As tension in the Middle East escalated further after Turkish F-16s downed two Syrian Su-24 jets on the Syrian territory on March 1, President Donald Trump sends a key figure of his administration to Turkey ahead of Turkish President Tayyip Erdoğan’s meeting with Russian President Vladimir Putin in Moscow on March 5. Kelly Craft, the U.S. Permanent Representative to the United Nations is expected to be in Turkey on March 2, diplomatic sources who asked not to be named told YetkinReport.

According to the U.S. system, U.N. Permanent Representative is a member of President’s cabinet. Craft is planned to be accompanied by senior State Department officials, including James Jeffrey, the U.S. Special Envoy for Syria who has been running a shuttle diplomacy between Washington and Ankara for some time.
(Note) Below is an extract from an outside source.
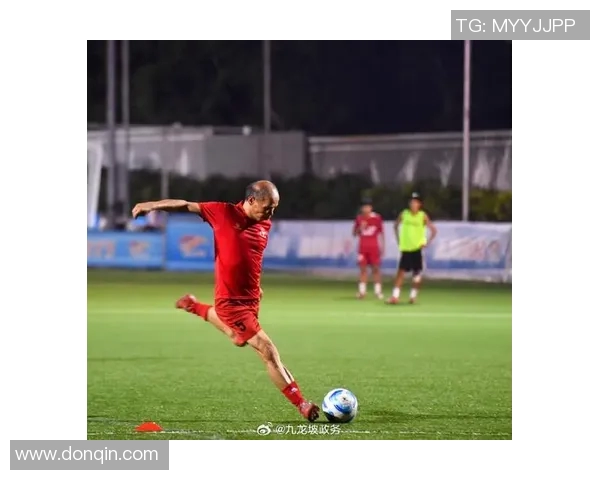 足球明星在野球场尽情挥洒汗水的精彩瞬间与动人场景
The same sources said Craft wanted to visit Hatay, bordering Syria during her visit and draw the attention of the world public opinion to the tragedy of the civil war and immigrants in Syria. Craft said on Feb. 29, during an emergency session of the U.N. Security Council upon a call by the U.K., following Russian-backed Syria jets had killed 34 Turkish soldiers on Feb. 27 near Idlib that the U.S. fully supported Turkish retaliatory attacks to Syrian regime forces. Turkey’s U.N. Permanent Representative Feridun Sinirlioğlu is expected to travel to Turkey too, to accompany Craft in her contacts in Turkey. In his speech at the Security Council meeting on Feb. 29, Sinirlioğlu said Turkish forces would not withdraw and continue to respond the attacks, claiming that the Bashar Al-Assad regime had lost its qualities to represent the Syrian people.

The timing of the visit

Craft’s Turkey visit was seemingly decided in the wake of two significant developments.

One of them is a telephone conversation between Trump and Erdoğan following an emergency meeting by NATO, which Turkey enjoyed full support on Feb. 28, after which Trump said they discussed the possibility of sending Patriot missile batteries to Turkey.
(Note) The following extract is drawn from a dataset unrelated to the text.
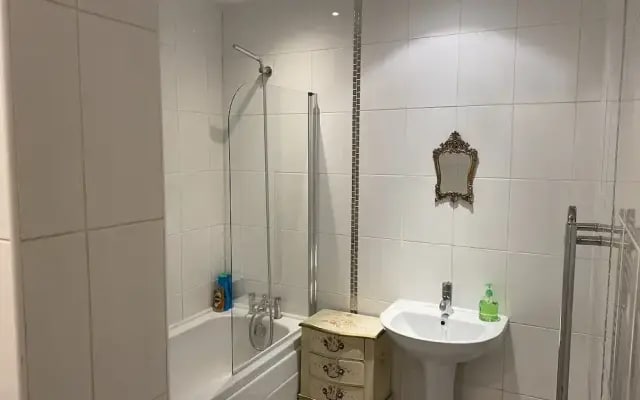 Beautiful Town Centre Apartment With River Terrace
The second was the announcement on Feb. 29 that Erdoğan and Putin would meet in Moscow on 5 March; this decision was reached after three days of talks in Ankara between Turkish and Russian diplomatic delegations.
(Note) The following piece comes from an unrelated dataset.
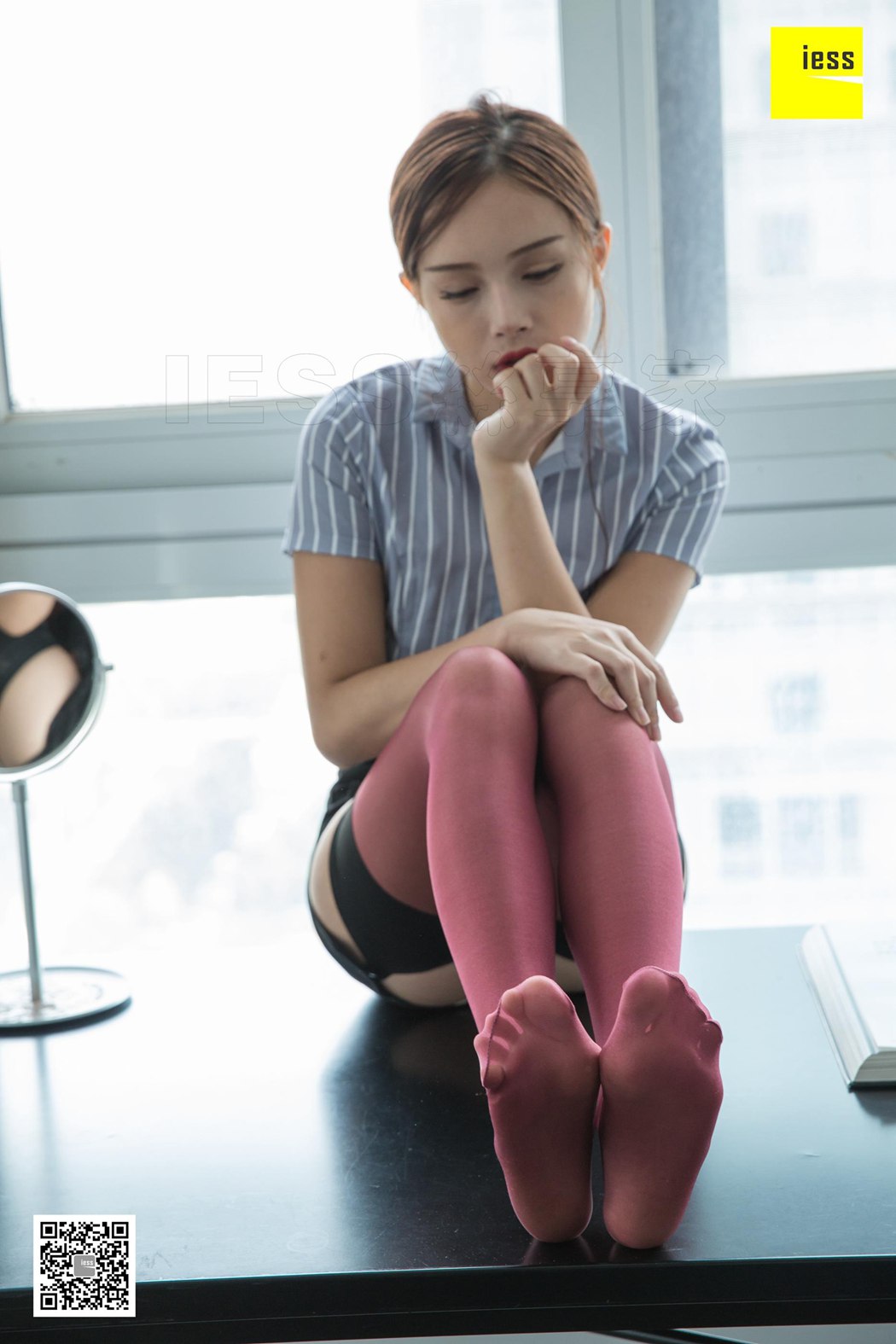 图片[59]-[IESS异思趣向] 2019.02.10 丝享家418：《初六小羽红丝溜溜》小羽 在线浏览 – 速更版-美库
One meaning of this announcement was the official acceptance that the meeting with Germany, France and Russia leaders in Istanbul on 5 March as previously heralded by Erdoğan, was not going to take place. Putin previously said that he would not meet Erdoğan on March 5; this concession was balanced by Erdogan’s going to Moscow to meet Putin. By sending Craft to Turkey, Trump administration wants to show that it stands by Turkey once again against the Assad regime in Syria ahead of Erdoğan-Putin meeting.

Operation Idlib: Spring Shield

On the other hand, the Turkish Armed Forces‘ retaliation campaign continues in Idlib and expands to its vicinity.

After Syrian missiles downed an armed Turkish UAV in the early hours of March 1, Turkish F-16s hit the missile battery that downed that UAV and two Russian-made Su-24 Syria jets near the town of Ariha near to Turkish border. This was followed by a Turkish attack on Neyrab airport and Aleppo airport.

Meanwhile, Turkish Defense Minister Hulusi Akar revealed that the retaliation operation going on since Feb. 27 was nicked as “Operation Spring Shield,” implying parallelism with Craft’s “support for Turkish retaliatory moves” statement a day before. The figures given by Akar were almost an indication of an undeclared war environment and that the Syrian army was suffering heavy losses against the Turkish Armed Forces, as Russian military videos spread on social media. Akar said that in three days, “1 UAV, 8 helicopters, 103 tanks, 72 artillery guns / howitzers / MLRSs [multiple launch rocket system], 3 air defense systems and 2 thousand 212 Regime soldiers have been neutralized.”

Hatay slander and detention of reporters

Another striking point was a photograph on Turkish social media on March 1, showing the text “Hatay is not stolen” on one of the armed UAV rockets launched to Syria. In a report a day before the Russian news website Sputnik broadcast a file claimed that the province of Hatay, which had joined to Turkey after a plebiscite in 1938, had actually been “stolen,” which infuriated Turkish public as a slander. The long-forgotten Hatay claim of the Assad regime, which attacks its own people causing more than half of its population fleeing abroad, and fails to keep its current territory despite heavy Russian backing, was brought to the agenda by the Russian media outlet as a result of the changing winds in recent days.

Unfortunately, the fury hit the reporters of the Turkish service of Sputnik employed in Turkey. On the evening of Feb. 29, wherever they found their addresses, some crowds gathered in front of their houses in protest and when they went to the police station to put their complaints, they were detained due to an “ongoing probe” which they were not aware of. Among them, there was Yurdagül Şimşek, one of the prominent parliamentary reporters in Ankara, whom we had worked together for years.

In the same afternoon, Russian Foıreign Minister Sergei Lavrov called Turkish Foreign Minister Mevlüt Çavuşoğlu about the reporters. The reporters were released in late afternoon after their statements been taken. It is not correct to practice political fight over reporters.

In any case, it would worth to pay a particular attention to the contacts of Craft in Turkey ahead of the Erdoğan-Putin meet.